Start of Data listing

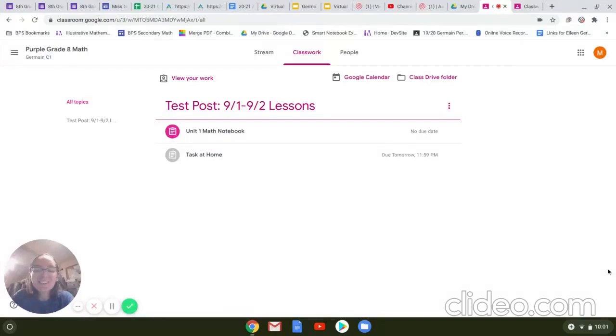Ladies and gentlemen, this is Ms. Jermaine just creating another video that's going to walk you through our math notebooks that we're going to be using for each unit this year in math class.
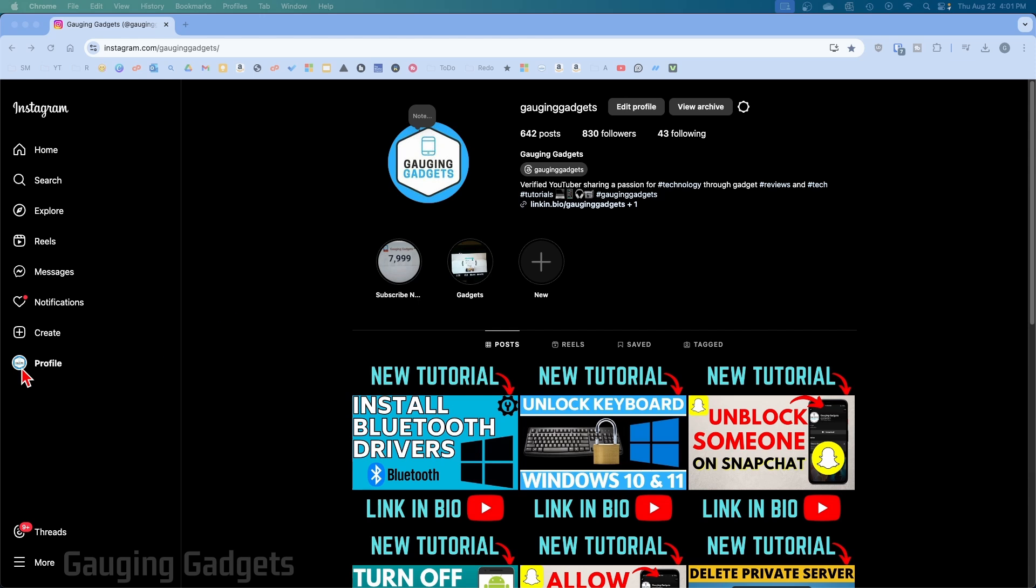Once you get logged in, select profile in the left menu. Then once you get to your profile, select the gear next to your username.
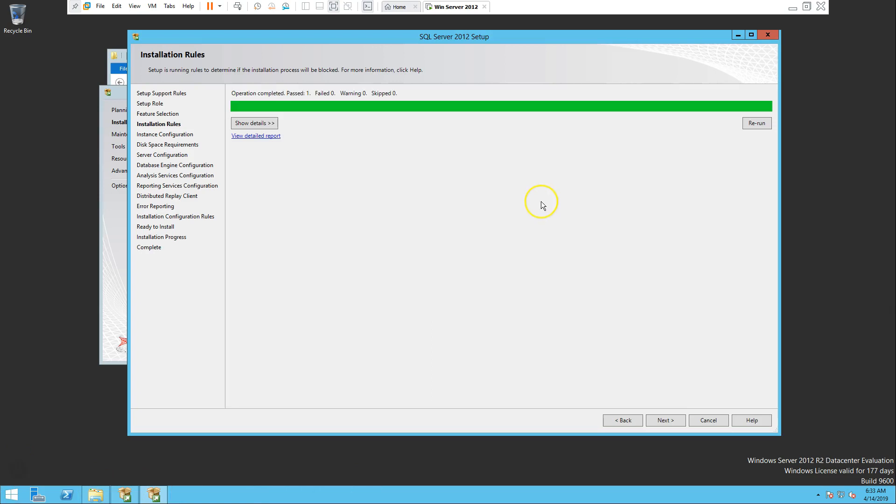I will stop right here as we hit 15 minutes for the recording time. So we will pick from here in part 2.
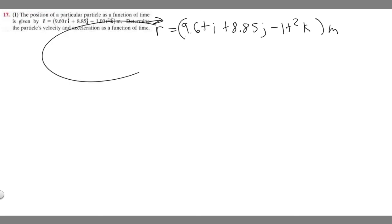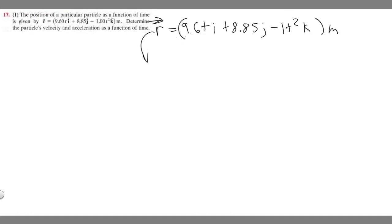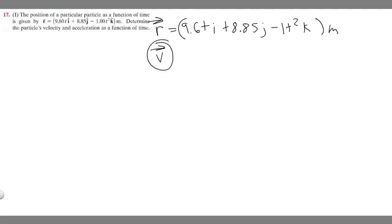We need to determine the particle's velocity and acceleration as a function of time. If you remember from calculus, if you take the derivative of a position function you get velocity, and if you take the derivative of a velocity function you get acceleration.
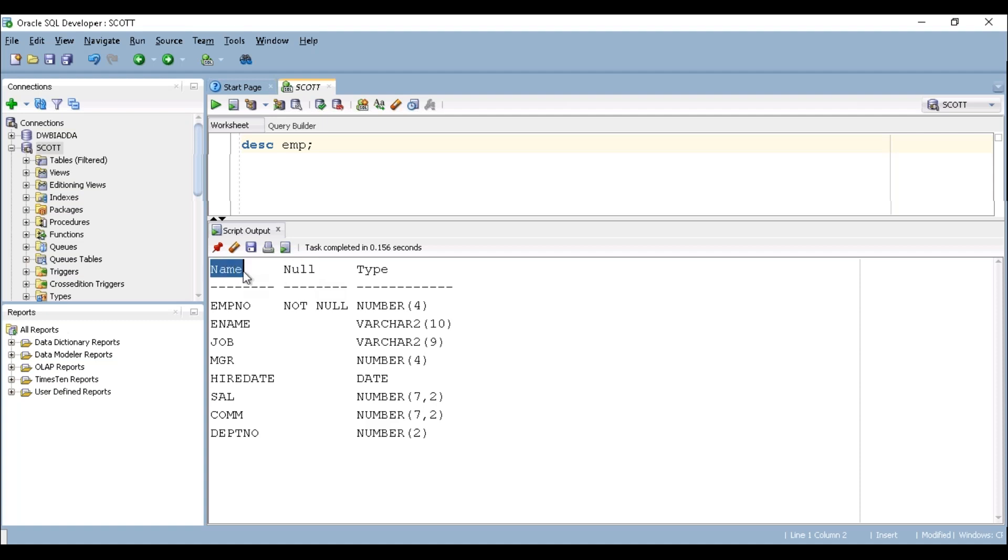So under the name we can find out the list of the column names. It has employee number, employee name, job, MGR is nothing but manager, hire date when the employee got hired, salary, commission and department number of the employee.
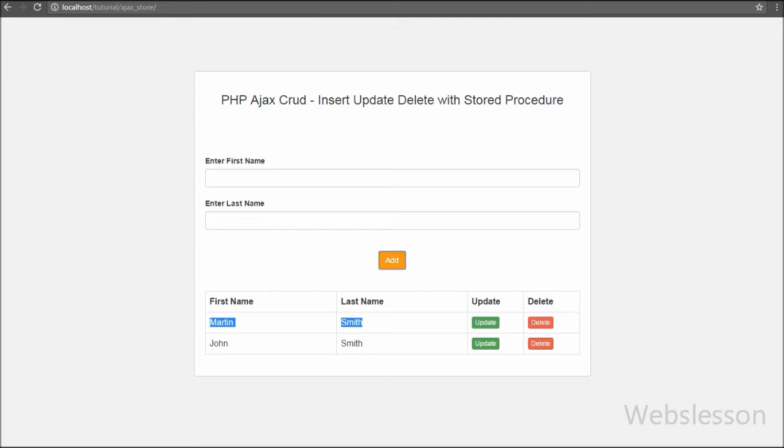In the next video we will discuss how to use a stored procedure for updating data in PHP script with an Ajax request.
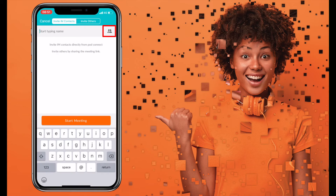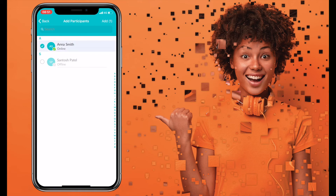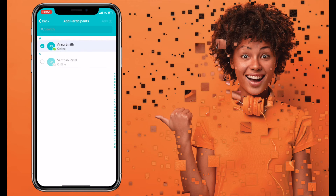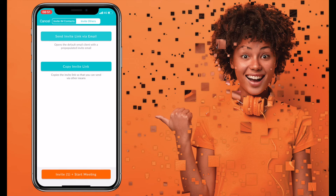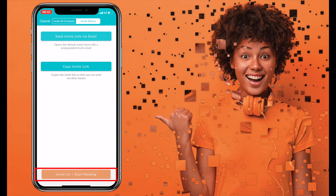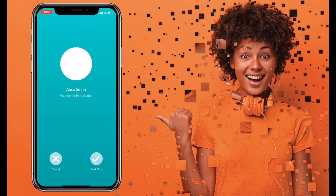Select your IM contacts and invite directly from within your PodConnect mobile client. Invite others by sharing the meeting link. Once you've finished inviting your contacts, select the start meeting button. You have become the moderator for this meeting.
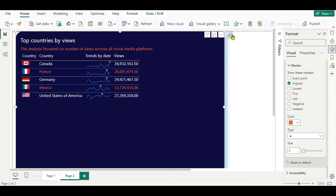So finally we have completed our table. Tables and matrices are powerful visualizations in Power BI, and when you add context and purpose, they will give better visibility and additional information to your report users. I hope you understood how to create it. For more such videos please don't forget to subscribe to my channel. See you in the next video. Thank you for watching.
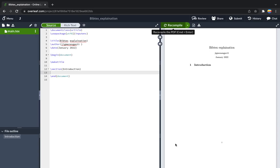Here is the Overleaf where I have created a blank file where I have only the introduction. Let's see how we can import the reference using the BibTeX environment.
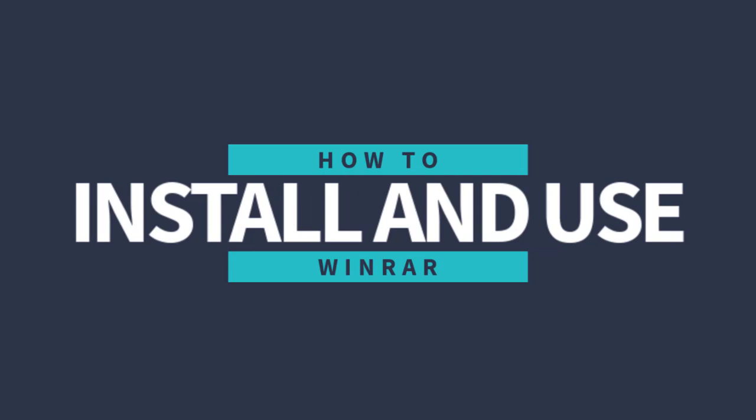Hi there, welcome to the channel. In this video I'm going to show you how to install WinRAR for Windows.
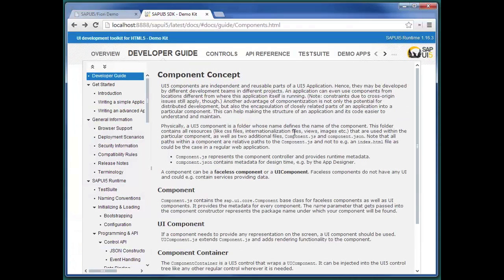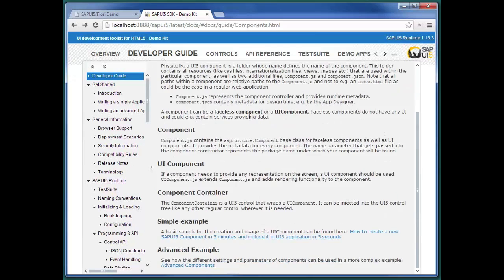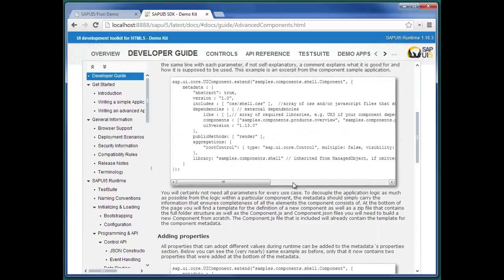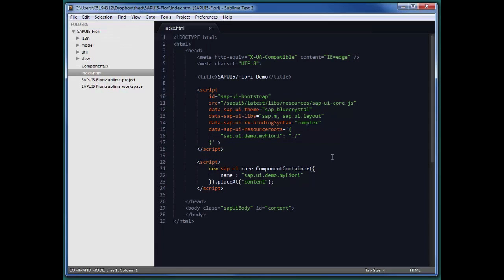We want to keep the index.html as simple and small as possible, so there are only three lines in the script tag. We are using the component concept — a relatively new concept introduced with 1.16, documented in the SDK with simple and advanced component documentation. A component is a reusable chunk of application: one developer group can develop a component consisting of views, controllers, utilities, and models, then embed it in a completely different application. The component lives in a container which is instantiated here, and it automatically looks for component.js. The container is placed in the body.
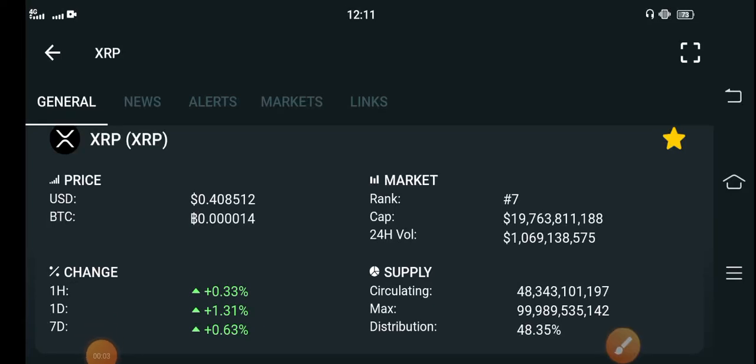XRP coin is going bullish in the market and becoming a more profitable coin in the cryptocurrency market. XRP is now completely pumping in the market, so a lot of people are asking about XRP coin: is it the best time to enter the market, or is there a possibility that XRP price will dump?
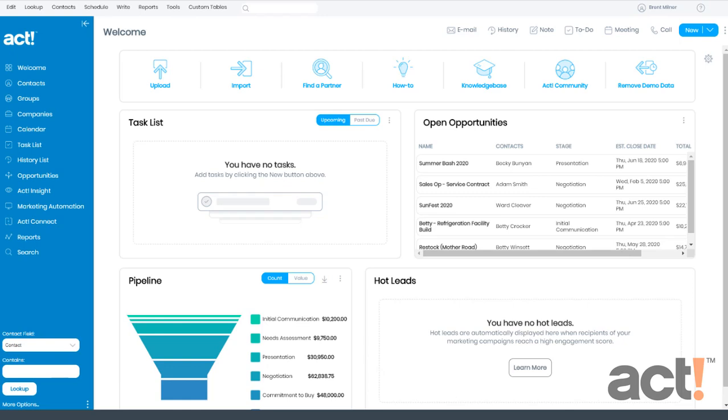In this video, I want to introduce marketing campaigns to you by showing you how to create a new campaign in ACT Marketing Automation.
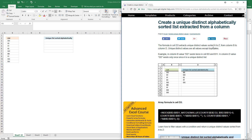In this video I'll show you how to build an array formula that extracts unique distinct values from a column, and they are also sorted from A to Z.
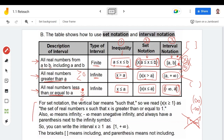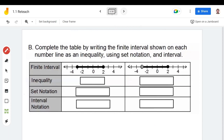Now let's take some examples. Complete the table by writing the finite interval shown on each number line as an inequality, using set notation and interval notation. For the first question, we have a number line with a closed circle at negative three and a closed circle at two. The domain starts at negative three and goes to two.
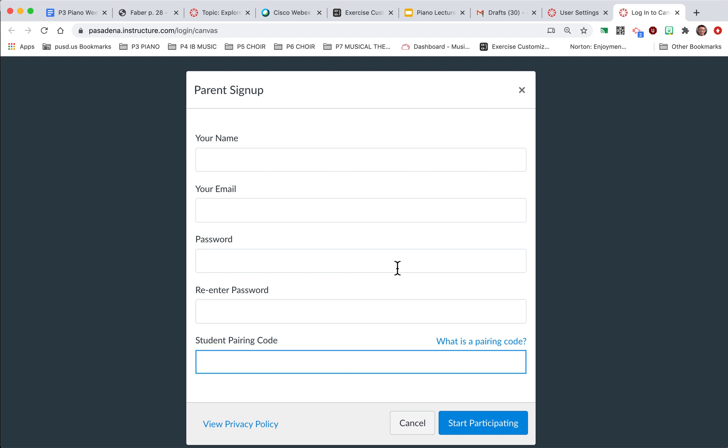So I hope that helps and hope to see as many of you parents on Canvas as observers for your student's account. It's going to help me out, it's going to help them out, and it's going to ultimately make all of us more successful in this digital learning environment. So thank you.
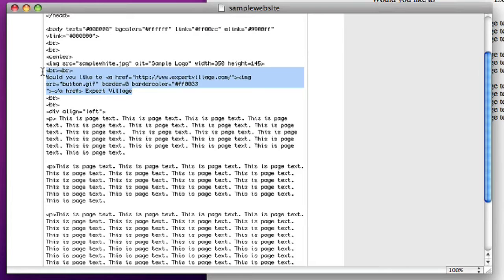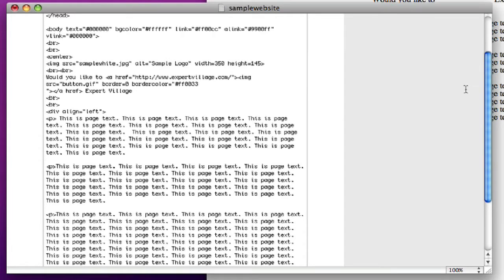Right here I have it — 'Would you like to go to Expert Village?' And in my image source, I've got my border and my border color. And I'm going to go in here and change it. Then we can hit type, after our image source and all the other attributes, align equals middle.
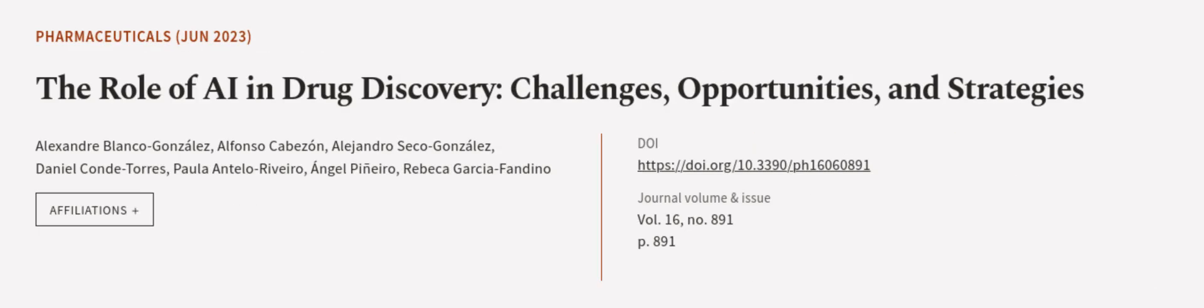This article was authored by Alexander Blanco-Gonzalez, Alfonso Cabazon, Alejandro Seco-Gonzalez, and others.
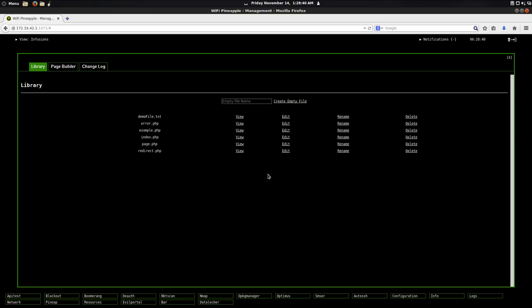So thank you for watching. You can download this in the pineapple bar. It's not available yet, but it will be shortly. So probably by the time you're watching this video, you can download it. So again, thanks for watching. Have a great day.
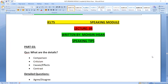Today we are going to discuss Lecture 4 and Lecture 5 of the IELTS Speaking Module. In the last three lectures, we discussed Part 1 and Part 2. As we know, there are three parts in IELTS Speaking: Part 1 is introduction-based on the candidate's personality, Part 2 involves preparing a topic for one minute and speaking for two minutes, and today we discuss Part 3.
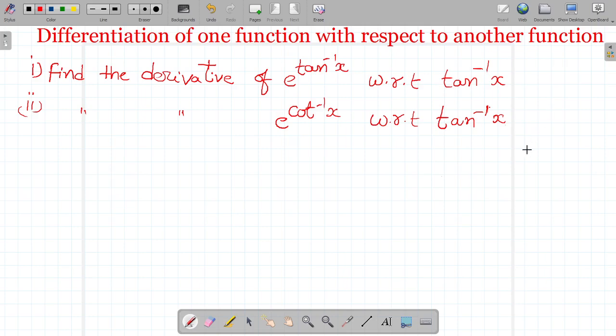Friends, today our topic is differentiation of one function with respect to another function. Let us go to the first problem.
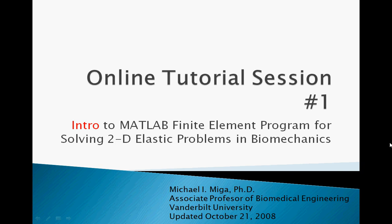Welcome to the online tutorial for the MATLAB Finite Element Program for Solving 2D Elastic Problems in Biomechanics, a program developed by Dr. Michael Miga at Vanderbilt University.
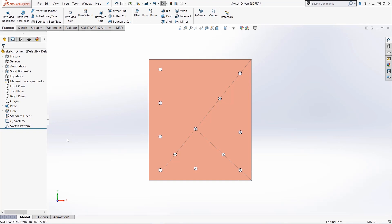It creates a pattern of the holes in a seemingly random pattern, but there's a method to it. It is actually using all of the sketch points to create the holes.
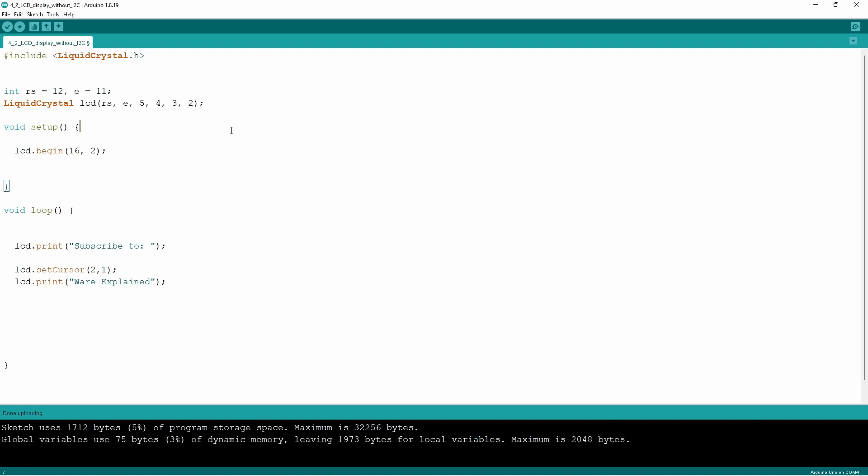In this case we are using the pin 12, pin 11, 5, 4, 3, 2, which is all the pins that transfer data to the LCD monitor. Now I have replaced pin 11 and 12 with rs and e to show that we can use variables within the liquid crystal LCD command.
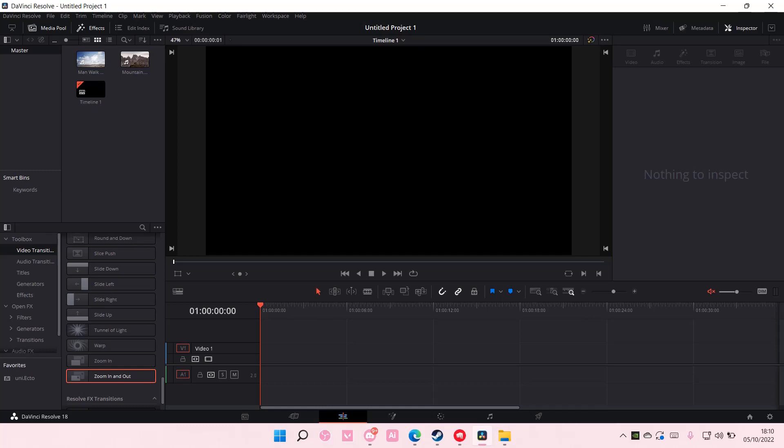Hey guys, and welcome back to this channel. In this video, I'll be showing you how you can use LUTs in DaVinci Resolve.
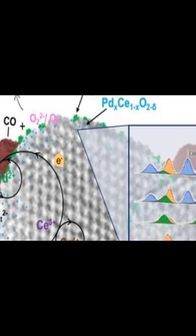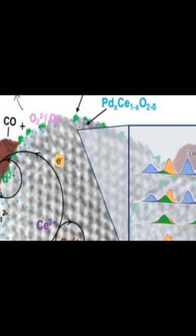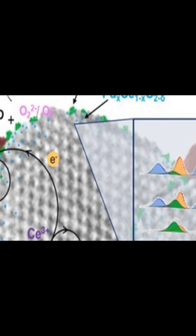The authors used near-ambient pressure X-ray photoelectron spectroscopy, NAPXPS, to observe the effects of the catalyst on the surface of the PD-CeO2 system.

End of Data listing

Start at the line containing "Here is the" above and stop at the line containing "In this video, I want". Output those lines exactly, both included, but none of the pictures.

Here is the Overleaf where I have created a blank file where I have only the introduction. Let's see how we can import the reference using the BibTeX environment.
Hi there, welcome to the channel. In this video I'm going to show you how to install WinRAR for Windows.
We want to keep the index.html as simple and small as possible, so there are only three lines in the script tag. We are using the component concept — a relatively new concept introduced with 1.16, documented in the SDK with simple and advanced component documentation. A component is a reusable chunk of application: one developer group can develop a component consisting of views, controllers, utilities, and models, then embed it in a completely different application. The component lives in a container which is instantiated here, and it automatically looks for component.js. The container is placed in the body.
XRP coin is going bullish in the market and becoming a more profitable coin in the cryptocurrency market. XRP is now completely pumping in the market, so a lot of people are asking about XRP coin: is it the best time to enter the market, or is there a possibility that XRP price will dump?
In this video, I want to introduce marketing campaigns to you by showing you how to create a new campaign in ACT Marketing Automation.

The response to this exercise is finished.